Morphological characterization was performed with scanning electron JQ-EZ-05 microscopy and differential scanning calorimetry. The initial modulus, stress and strain at yield, strain at break, and impact toughness of the biodegradable polymer blends were investigated. The properties were described by model,,; assuming different interfacial behaviors (e.g., good adhesion and no adhesion between the dissimilar materials). The results indicated that PCL behaved as a polymeric plasticizer to PLA and improved the flexibility and ductility of the blends, giving the blends higher impact toughness ss. The strain at break was effectively improved by file addition of PCL to PLA, and this was followed by

a decrease in the stress at break. The two biodegradable polymers were proved to be immiscible but nevertheless showed some degree of adhesion between the two phases. This was also quantified by the mechanical property prediction models, which, in conjunction with material property characterization, allowed unambiguous detection of the interfacial

behavior of the polymer blends. (c) 2008 Wiley Periodicals, Inc. J Appl Polym Sci 112:345-352, 2009″
“We present a method to determine the local dielectric permittivity of thin insulating layers. The measurement is based on the detection of force gradients in electric force microscopy by means of a double pass method. The proposed experimental JPH203 mw protocol is simple to implement and does not need any modification of standard commercial devices. Numerical simulations based on the equivalent charge method make it possible to carry out quantification

whatever the thickness of film, the radius of the tip, and the tip-sample distance. This method has been validated on a thin SiO2 sample for which the dielectric permittivity at the nanoscale has been characterized in the literature. We also show how we can quantitatively measure the local dielectric permittivity buy Bafilomycin A1 for ultrathin polymer film of poly(vinyl acetate) and polystyrene. (C) 2009 American Institute of Physics. [DOI: 10.1063/1.3182726]“
“Background Although radiofrequency thermocoagulation is considered as a primary treatment for most patients with trigeminal neuralgia, neuronavigator-guided percutaneous radiofrequency thermocoagulation has been rarely reported. The object of this study was to assess the clinical value of neuronavigator-guided percutaneous radiofrequency thermocoagulation in the treatment of trigeminal neuralgia.
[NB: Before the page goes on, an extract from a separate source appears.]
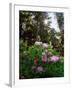 Douglas Firs and Rhododendrons-Steve Terrill-Framed Premium Photographic Print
Methods The radiofrequency thermocoagulation was performed in 100 cases of trigeminal neuralgia. The patients were positioned supine or sitting, under Hartel’s technique (reported by Sweet and Wepsic J Neurosurg 40: 143-156, 1974), by anterior lateral facial approaches. The Gasserian ganglions were acupunctured, assisted by intraoperative CT scanning (3-digital reconstruction) and electrophysiology in order to accurately locate target.